Passo minha primeira noite em cima de uma grande árvore caída. Um monte de bichos passa em cima de mim. Meu corpo arde e queima. Acabo de colocar a malha, depois de amarrar bem o saco de cocos, que puxei para cima da árvore e prendi dos dois lados. Nos sacos está a vida, porque os cocos abertos me permitirão comer e agüentar o rojão. Meu facão está preso ao pulso direito. Estico-me, esgotado, em cima da árvore, no ponto onde dois galhos formam uma espécie de nicho grande, e adormeço antes de ter tempo de pensar em nada. Talvez tenha murmurado duas ou três vezes “Pobre Sylvain!”, antes de cair no sono como uma pedra.

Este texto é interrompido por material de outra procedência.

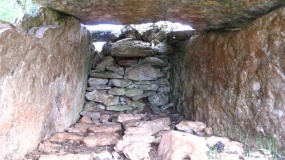 Combe de Sole dolmen 3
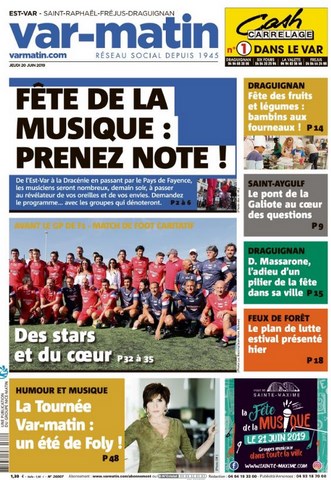 Var-matin 190620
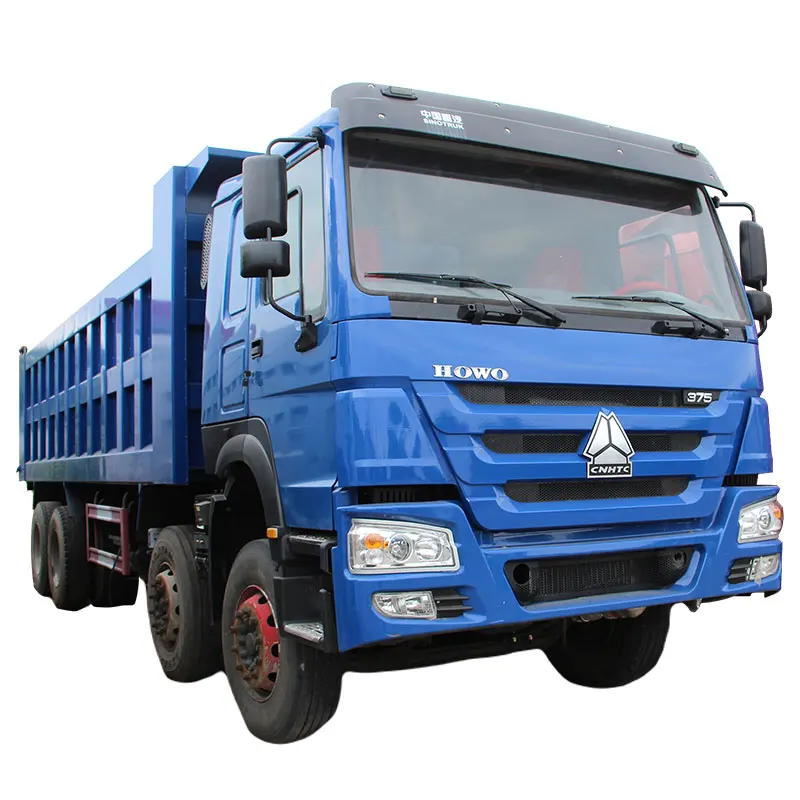 2015 2022 б/у самосвал SINO Howo 8x4 12 колес для горных работ левосторонний привод Sinotrack 8*4 продажи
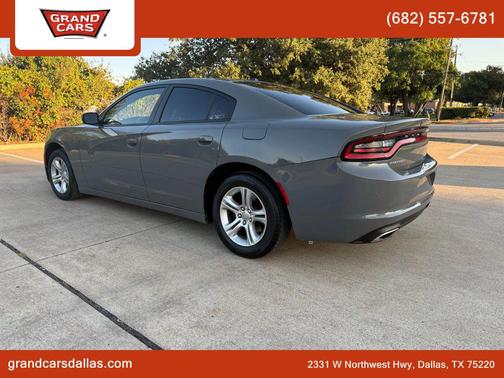 2018 Dodge Charger SXT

São os gritos dos pássaros que me acordam. O sol penetra muito longe dentro da floresta, chega horizontalmente; deve ser então 7 ou 8 da manhã. Em volta de mim está cheio de água, o mar deve estar na montante. É, talvez, o fim da décima maré.

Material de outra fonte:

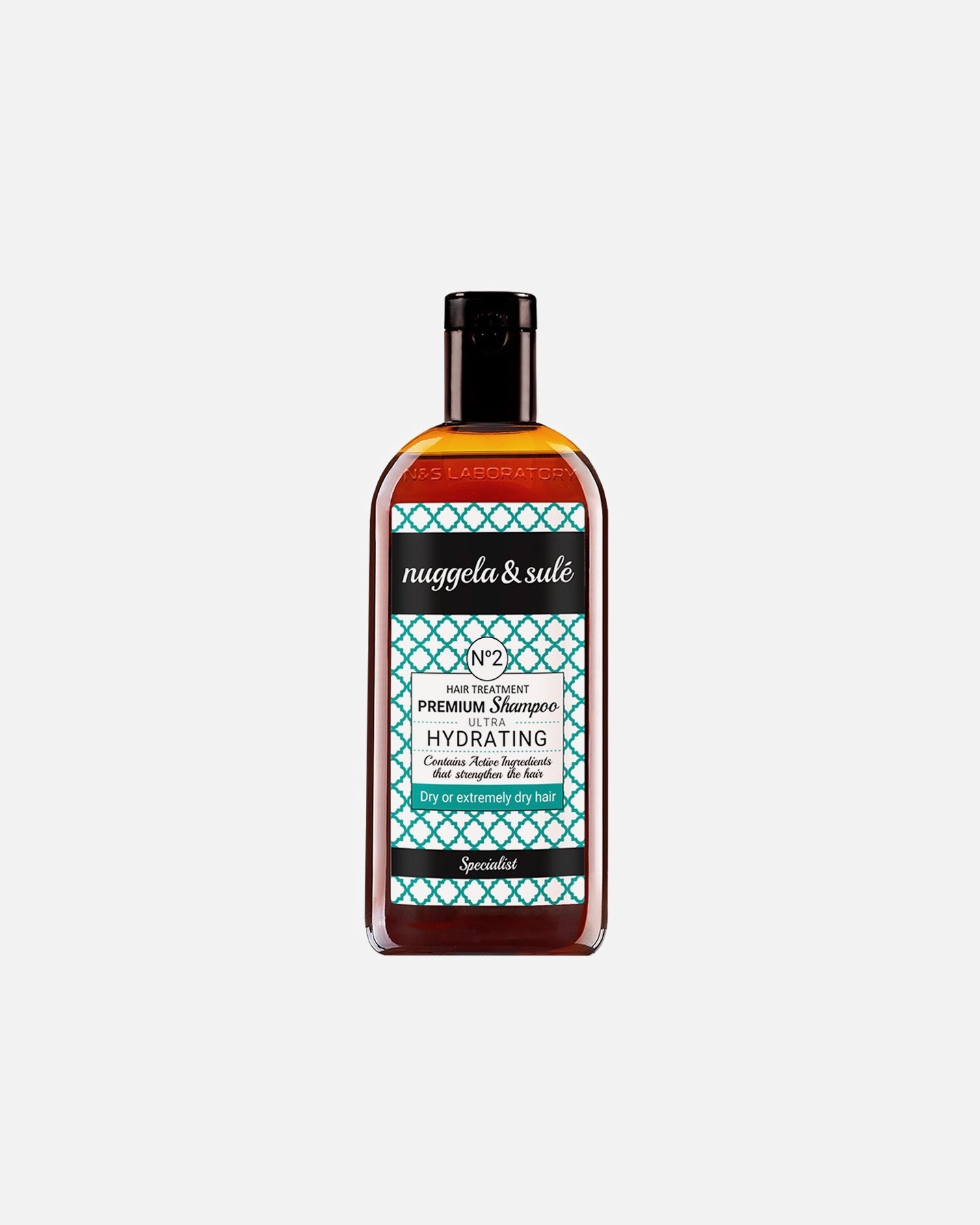 Szampon do włosów dla Unisex Nuggela & Sule 250 ml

Sessenta horas desde que saí da Ilha do Diabo. Não percebo se estou longe do mar. De qualquer maneira, vou esperar que a água se retire, para ir à beira do mar secar-me e tomar um pouco de sol. Não tenho mais água doce. Restam ainda três punhados de polpa de coco, que como deliciado; passo um pouco de coco também sobre minhas feridas. A polpa, graças ao óleo que contém, abranda minhas queimaduras. Depois fumo dois cigarros. Penso em Sylvain, desta vez sem egoísmo. Antes de tudo, será que eu não devia ter fugido sem um amigo? Eu tinha mesmo a pretensão de me safar sozinho. Então, nada está mudado, só uma grande tristeza aperta o meu coração e eu fecho os olhos, como se isso pudesse me impedir de ver a cena do afundamento do meu pobre amigo. Para ele, está tudo acabado.
Firmei bem os sacos dentro do nicho e começo a tirar um coco. Consigo descascar dois, batendo-os com todas as minhas forças contra a árvore, no meio das pernas. Preciso bater na ponta, para que a casca se abra. É melhor do que com o facão. Como um coco fresco inteirinho e bebo o pouco de água muito açucarada que ele contém. Rapidamente, o mar se retira e posso andar na areia com facilidade e chegar até a praia.
O sol está brilhante e o mar de uma beleza sem igual. Demoradamente olho para o lugar onde suponho que Sylvain desapareceu. Minhas roupas ficam secas depressa e também meu corpo, que lavei com água salgada tirada de um buraco. Fumo um cigarro. Ainda um último olhar para o túmulo do meu amigo e entro na floresta, caminhando sem muita dificuldade. Com o saco em cima do ombro, lentamente, vou me enfiando debaixo das árvores. Em menos de duas horas encontro finalmente um terreno que nunca fica inundado. Nenhuma marca aos pés das árvores, para indicar que a maré chega até aqui. Vou acampar aqui e descansar bem durante 24 horas. Vou abrir os cocos aos poucos, retirar a polpa para colocá-la toda dentro do saco, pronta para eu comer quando quiser. Posso acender um fogo, mas acho que não é prudente.